Stored items:
============================================================
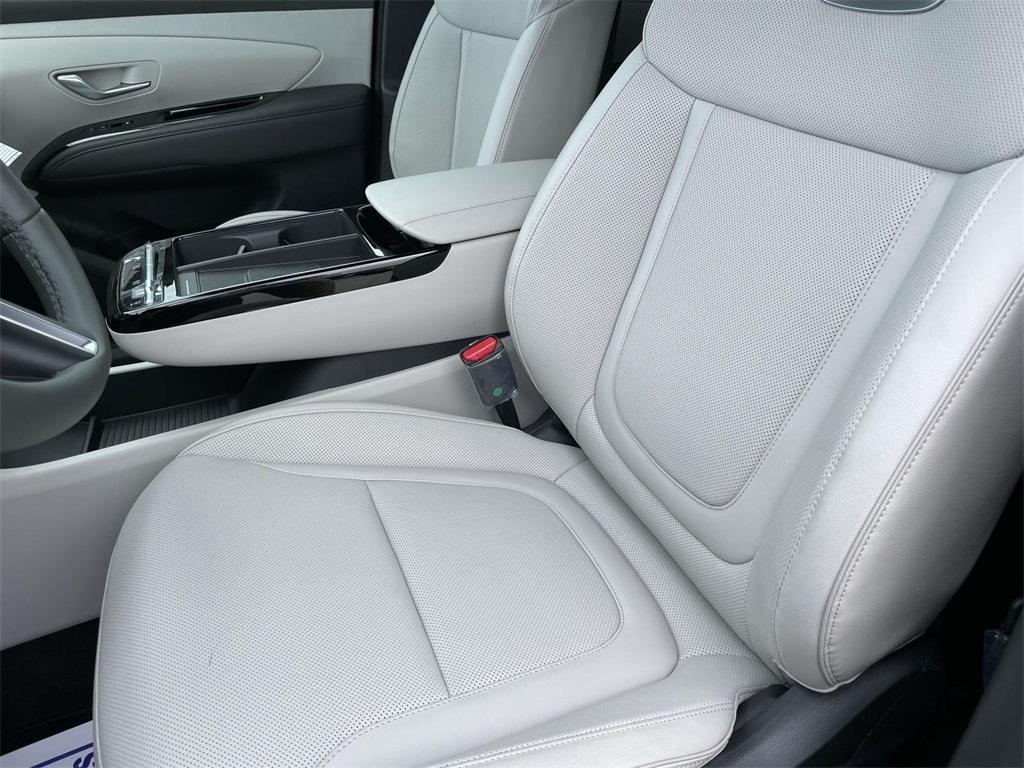 new 2025 Hyundai TUCSON Hybrid car, priced at $42,254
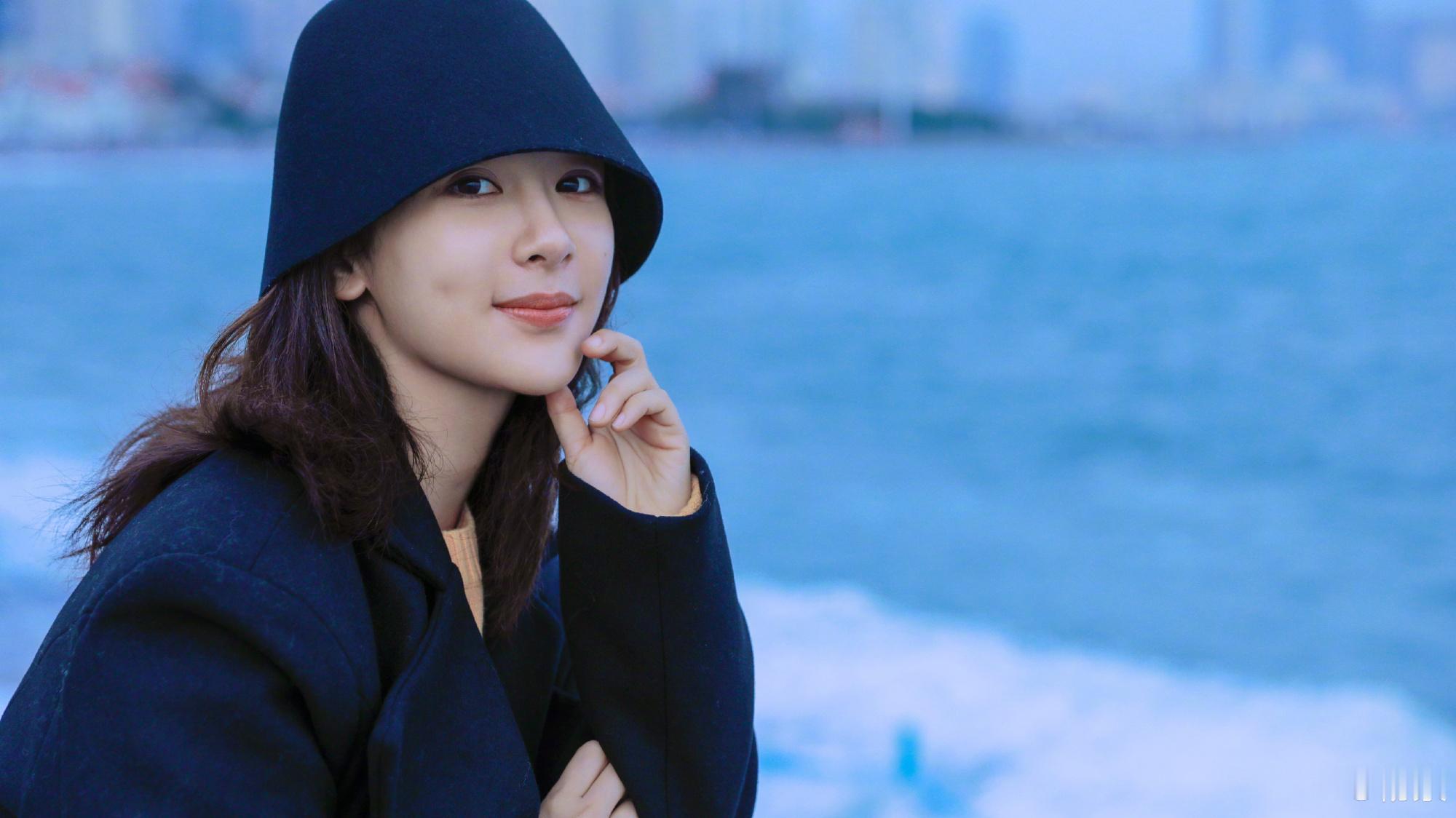 杨紫[超话]海边走走[心][心] ​​​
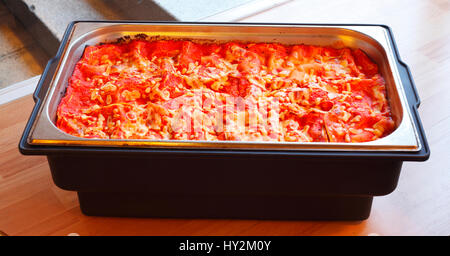 Lasagne in einer Backform Stockfoto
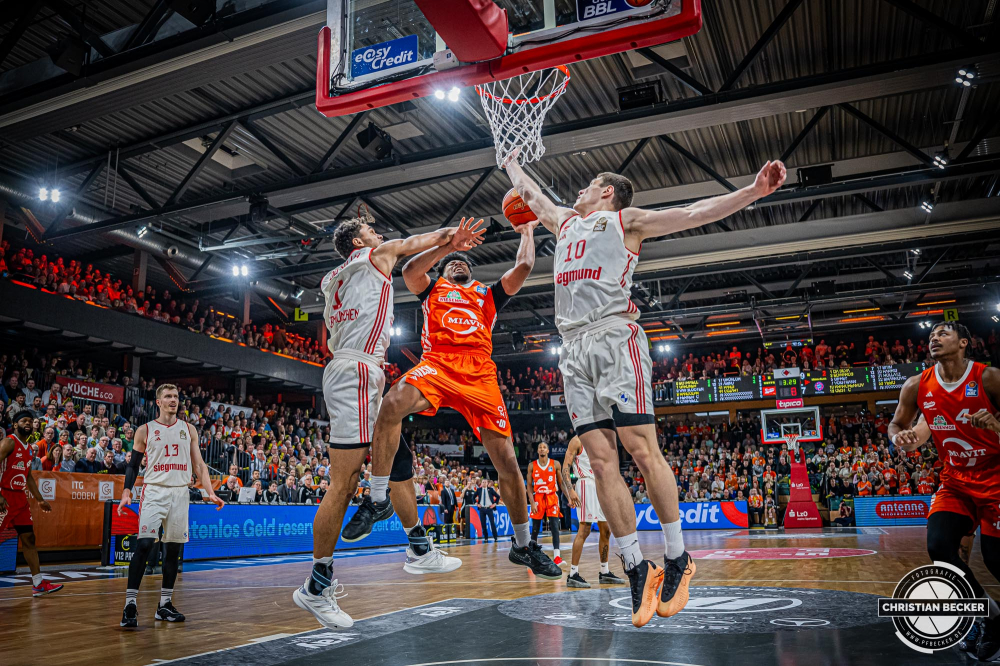 1. Basketball Bundesliga, easyCredit BBL, Saison 2024/2025, Herren, Hauptrunde, 20. Spieltag, 09.02.2025, RASTA Vechta - FC Bayern M&uuml;nchen Basketball
Jayden Gardner (#1 - RASTA Vechta) beim Korbleger
Schlüsselwörter: 09.02.2025;1. Bundesliga;20. Spieltag;BBL;Basketball;Bayern;FC;Hauptrunde;Liga;M&uuml;nchen;RASTA;RASTA Dome;Saison 2024/2025;Vechta;easycredit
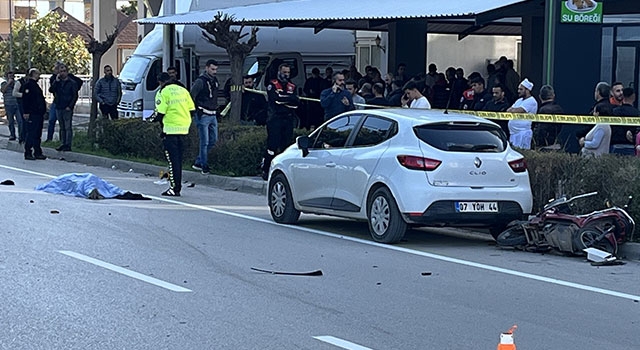 Antalya’da otomobille çarpışan elektrikli bisikletin sürücüsü hayatını kaybetti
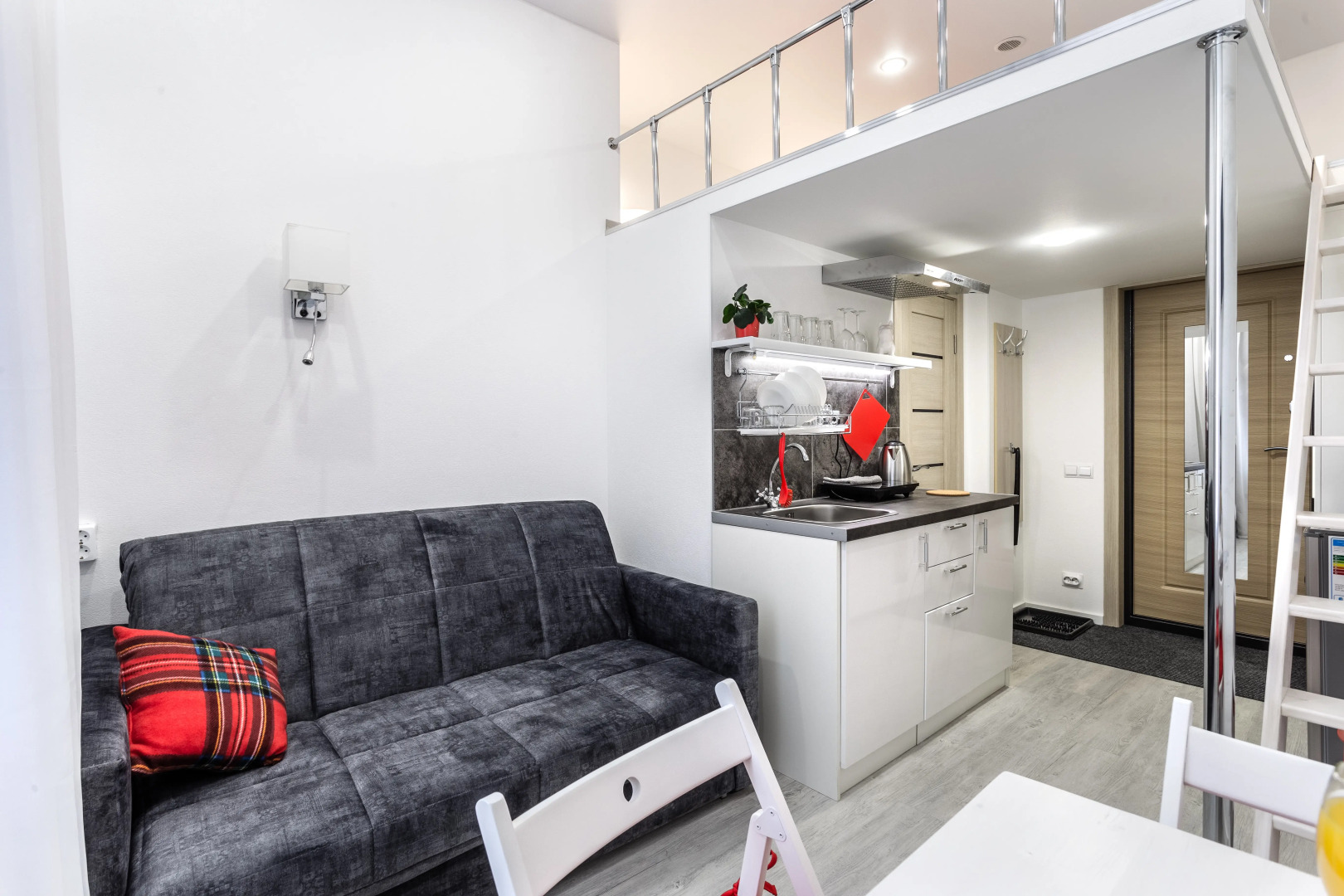 Апартаменты Quartet на Суворовском #3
============================================================
Please reproduce the entries from above exactly; images are not part of the copy.

--- FINAL ANSWER ---
 new 2025 Hyundai TUCSON Hybrid car, priced at $42,254
 杨紫[超话]海边走走[心][心] ​​​
 Lasagne in einer Backform Stockfoto
 1. Basketball Bundesliga, easyCredit BBL, Saison 2024/2025, Herren, Hauptrunde, 20. Spieltag, 09.02.2025, RASTA Vechta - FC Bayern M&uuml;nchen Basketball
Jayden Gardner (#1 - RASTA Vechta) beim Korbleger
Schlüsselwörter: 09.02.2025;1. Bundesliga;20. Spieltag;BBL;Basketball;Bayern;FC;Hauptrunde;Liga;M&uuml;nchen;RASTA;RASTA Dome;Saison 2024/2025;Vechta;easycredit
 Antalya’da otomobille çarpışan elektrikli bisikletin sürücüsü hayatını kaybetti
 Апартаменты Quartet на Суворовском #3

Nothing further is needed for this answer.